I just wanted to give a bit more history on the event that lead up to the separation.

To start with i snooped. i snooped through bank accounts Facebook and text messages. who can honestly say they trust their Alcoholic Partner. I'm not proud of what i did but i did it.

At the time she understood that her drinking is what made me do it. and at the time she was sorry for it, and we were working on it.

couple days later she goes and talks to her mum and i could tell she had something on her mind she wanted to say but gave her some time.

Then tuesday night. she had already decided she was going to get drunk. it was pay day and it was her thing that she did *sigh* after having a horrid month at work i decided I was going to have a drink myself.

got home she was drunk . everything was good for the first hour or so. she had to use my phone to call up about the tickets to a concert she was going to during our trip interstate (the one part of the trip she had any part in organizing, including organising to sleep on a strangers couch accepting drugs from said stranger and getting p***ed at me when i told her to be careful she doesn't know him) she used my phone and saw my ex's name near the top of the recent call list. my ex is the mother of two of my kids.
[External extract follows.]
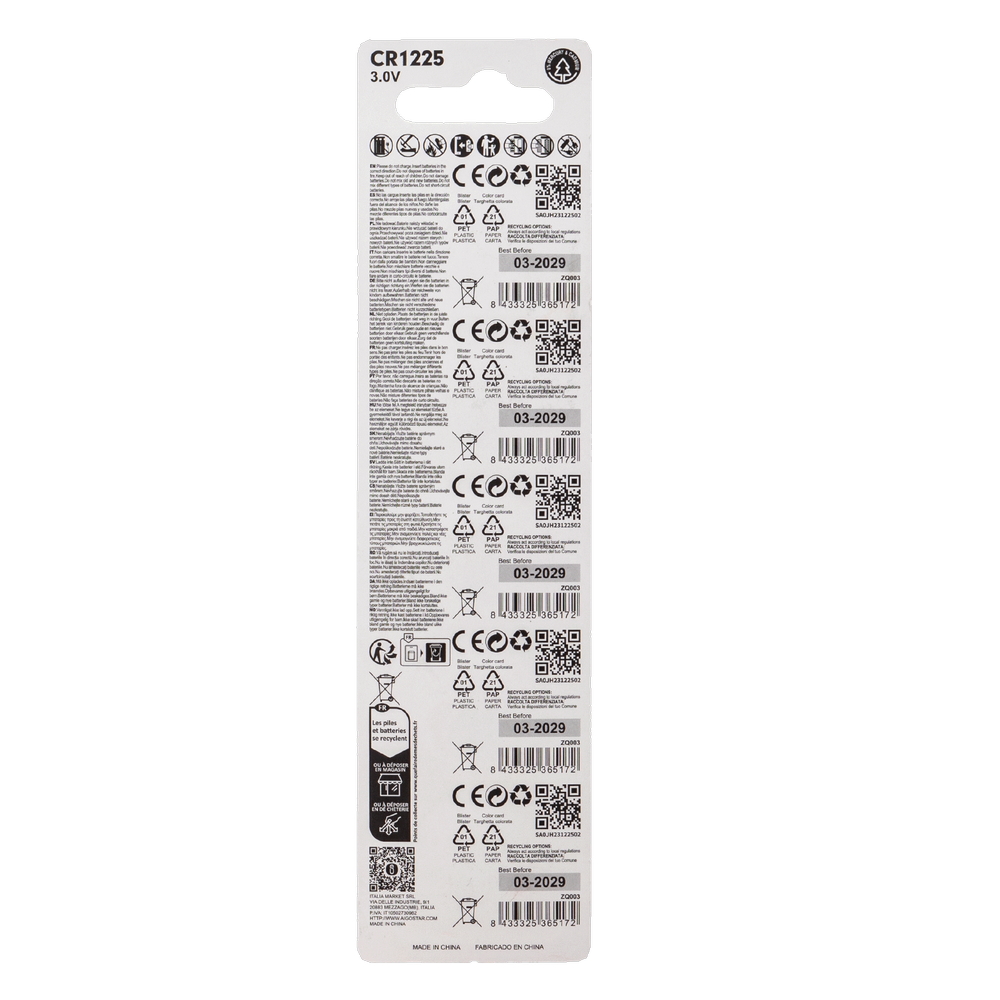 Batteria bottone Aigostar 3V CR1225 Litio confezione da 5 pile - Foto 4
This started into She is not welcome in my home, i dont want to you talk to her and i dont want to hear her name.
Tough she is in my life and we have kids together so she will always be around and i will always talk to her for my boys.
then the facebook snooping topic came up. and "
my mum told me to throw you out because you cant be trusted" blah blah blah. so she did. she told me that i should leave because im not sleeping there tonight.
Start to explain why my ex was at the top of the recent calls list. the whole i dont have anyone else i talk to, no friends etc etc, then i say i dont even talk to my mum any more because of you.
to which i get a lovely "Good she is a F**ing B*^$h!. i then take her request and leave, ignoring her angry pleading for me to stay.
spend the night in the car and under my desk at work.
made an appointment and followed through seeing a shrink the next day, as soon as the shrink closed the door the tears came flowing and couldnt be stopped.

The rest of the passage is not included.